The proposal also gives the governor only about $21 million of the $40 million he sought to expand child protection services — $31 million of which the governor wanted to be controlled by the Department of Children and Families.
The budget conference is an annual ritual in which legislators meet in public to agree on what has been hammered out behind the scenes as they try to reach accord on differences between the differing budgets drafted by the House and Senate.
In this case, Senate HHS Appropriations Chairwoman Denise Grimsley, R-Sebring, made the first offer early Tuesday. The group adjourned for five minutes to “confer” and, with zero comment, discussion, questions or elaboration, the House HHS Appropriations Chairman Matt Hudson, R-Naples, agreed to it.

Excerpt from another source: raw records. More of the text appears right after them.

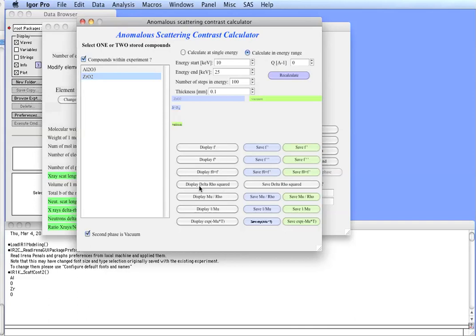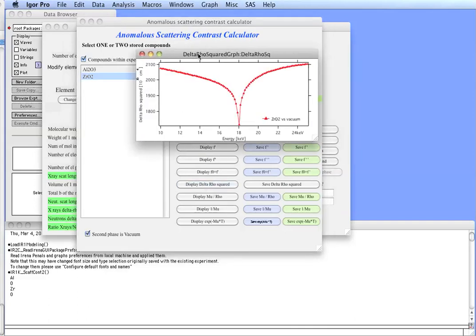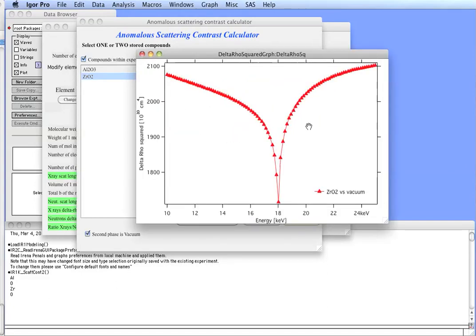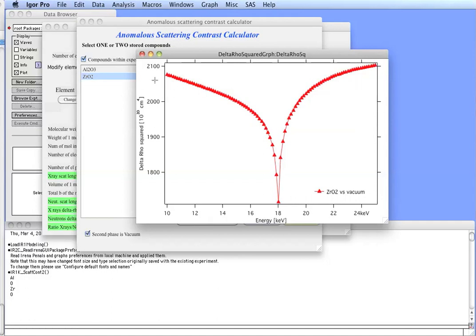So, if we, for example, come here and say display delta rho squared, we will get a delta rho squared zirconium oxide versus vacuum. And you can see that at about 10, we start just below 2100, but it drops down to nearly 1700 at exactly edge, and then comes back up, and it's 2100 at about 25. So, you can see that if you are doing an anomalous experiment, you can use this tool to actually pick the energies at which you are supposed to do the experiments at appropriate energies.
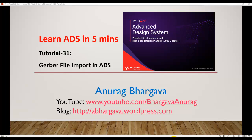Hello and welcome to Learn ADS in 5 Minutes. This is tutorial 31 on Gerber file import in ADS.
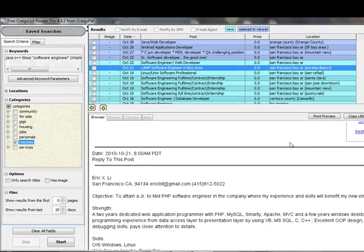So again, it's CraigsPals, it's craigpals.com. I like the tool, I use the free version. Check it out for yourself and let me know what your thoughts are.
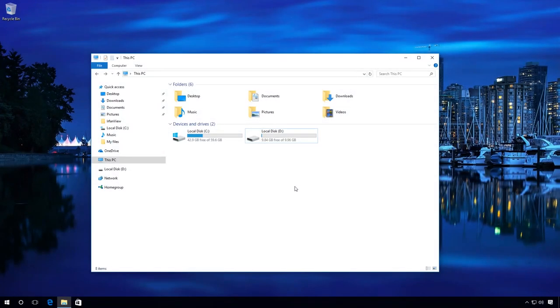Now let us see in detail how you can use Hetman Unerazer to recover files after Windows Recycle Bin is emptied or after such files were deleted with Shift plus Delete.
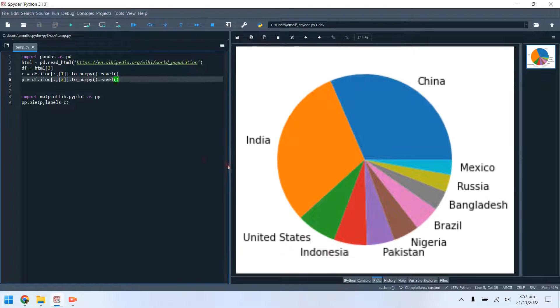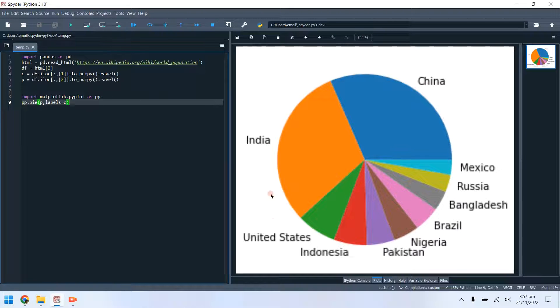And this is how data is imported from HTML tables to Python data frames. Please feel free to ask any questions or leave feedback in the comment section.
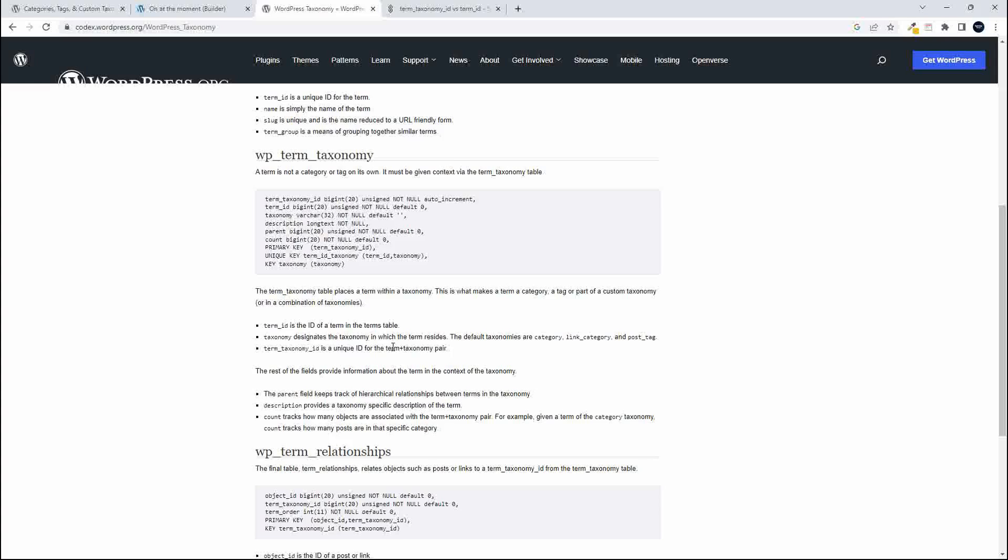If you then wanted to target the posts that used that term as a category, you had to access a new column in the database table, which was called the term taxonomy ID. And that would then allow you to say that maybe ID 1 had the term listed as the product category or a post category.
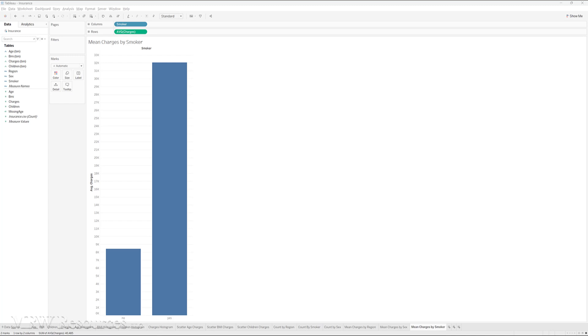Okay, we have covered bivariate analysis for numeric to numeric, bivariate analysis for categorical to numeric. Let's take a look and see how we can evaluate categorical to categorical.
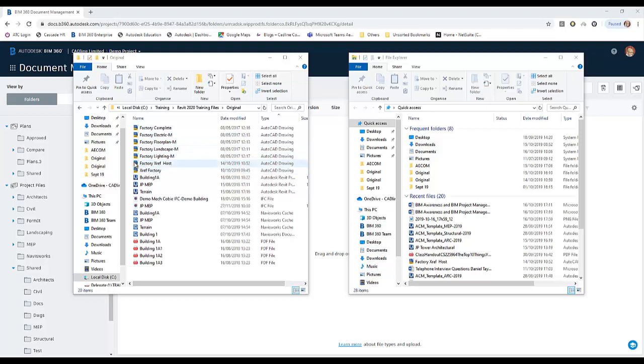And my Factory Xref Host, which has the linked files in separate folders stored somewhere on the system. We're going to see how BIM 360 Docs treats these two situations.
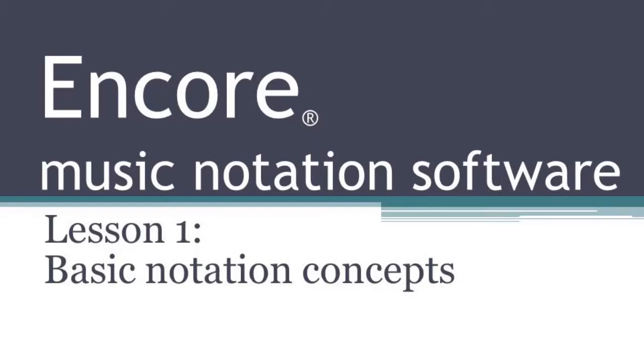Hi, welcome to Lesson 1 of the Encore Music Notation Software Tutorial. In this lesson, I'm going to cover some of the very basic concepts of how to enter notes onto the score using Encore. There are quite a few ways to do that, and I'll cover those in some of the later tutorials, but in this tutorial, I just want to cover some of the basic ones.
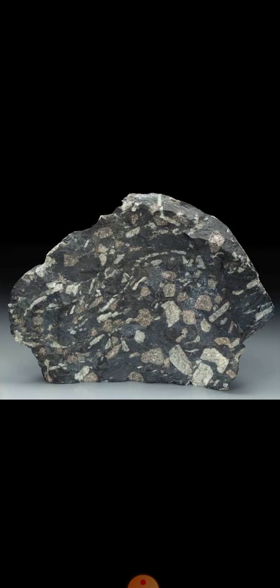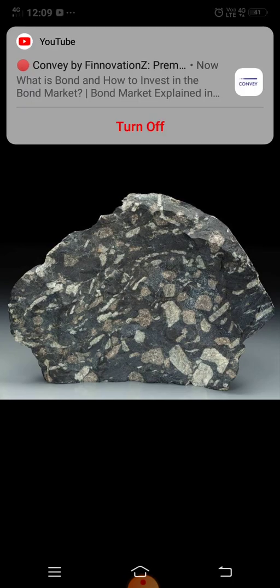The most important constituent of phonolite is alkali feldspar, like orthoclase, which forms the bulk of the groundmass and most of the large crystals in the porphyritic variety. Phonolite forms from magma with low silica content, generated by a low degree of partial melting.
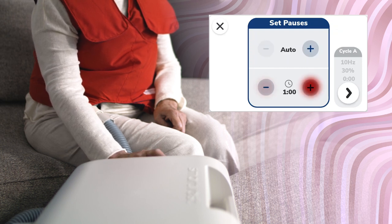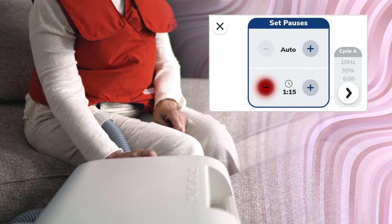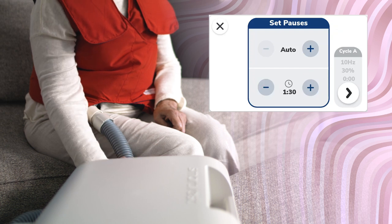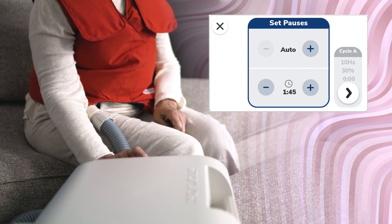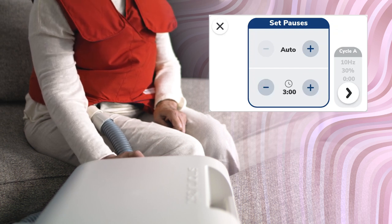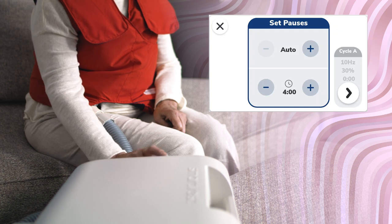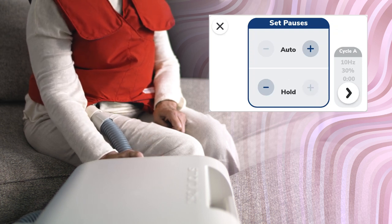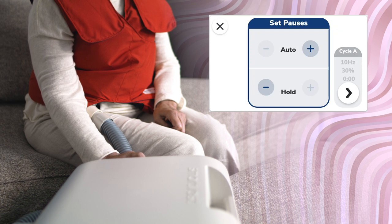Tap the plus and minus buttons to the right and left of the time display to adjust the duration of the cough pauses. They are adjusted in increments of 15 seconds, from 15 seconds to 5 minutes in duration. Or select Hold to pause therapy until the Start button is manually tapped to resume.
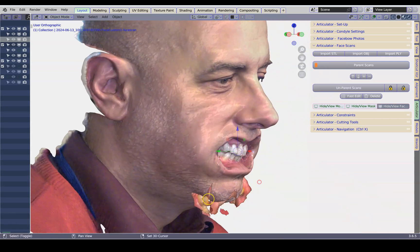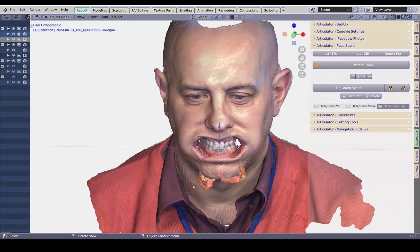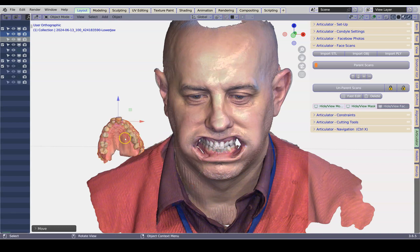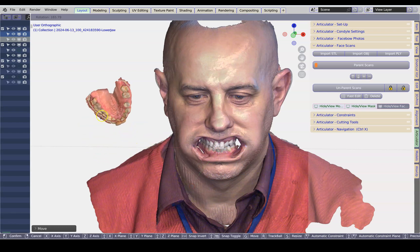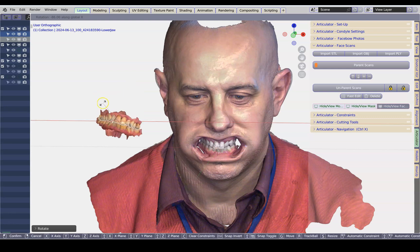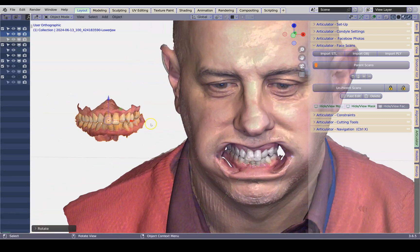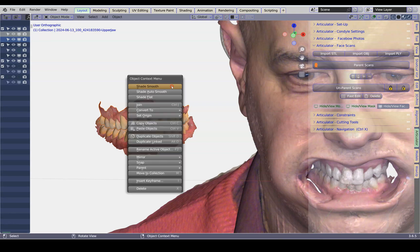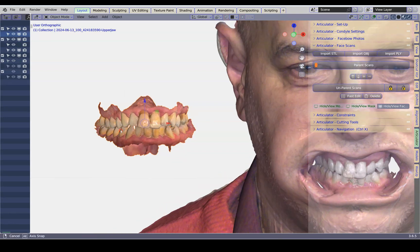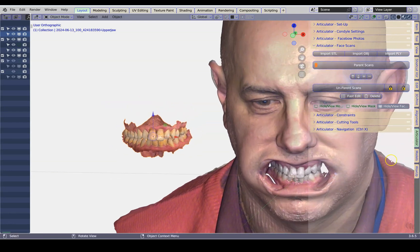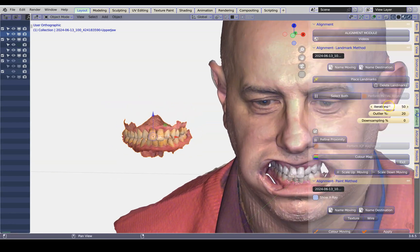I'm going to select both of these and just move them a little bit to the side. We can rotate them with R or X. I'm going to join these up — select, select, Control J on the keyboard, or right-click and join, or find yourself a join button in one of the modules. Go to the alignment — this is our moving object and this is going to be our destination object.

Here are the details as presented by Grimsley:
* $13 million to hire 191 child protective investigators, as requested by the governor — far short of the $32 million he initially sought,
* $5 million for expansion of the Healthy Families program,
* $8 million for select sheriff’s departments that handle investigations of child abuse, the same amount requested by the governor.
* $10 million to the Community-Based-Care organizations; this is a net increase of $4.6 million because their initial budgets were reduced by $5.4 million,
* $3 million for human trafficking,
* $5 million to target at-risk families with young children who need substance abuse treatment.
The final item is a major shift in funding from where the House and Senate started and a reflection of the pleas by child advocates to shift more money into services that could make the most difference in changing family behavior. Child advocates also asked for $25.4 million to allow the privately-run local agencies that manage the cases of at-risk kids to hire more case workers as additional children are brought into the system by the new child protection investigators.
The budget proposal also is a bit of a rebuke to Gov. Rick Scott, who initially asked for $31 million to hire more child protective investigators. The governor reached that number in January and never modified that request to seek additional money for treatment services, even after the Miami Herald Innocents Lost series in March demonstrated that 80 percent of the 477 children who died of abuse and neglect in the last six years were to families whose parents were suffering from mental health and substance abuse problems.
Child advocates warned that the governor’s plan would do a better job of keeping a tally of the at-risk kids but would do little to get at the root causes that led to the abuse in the dysfunctional families.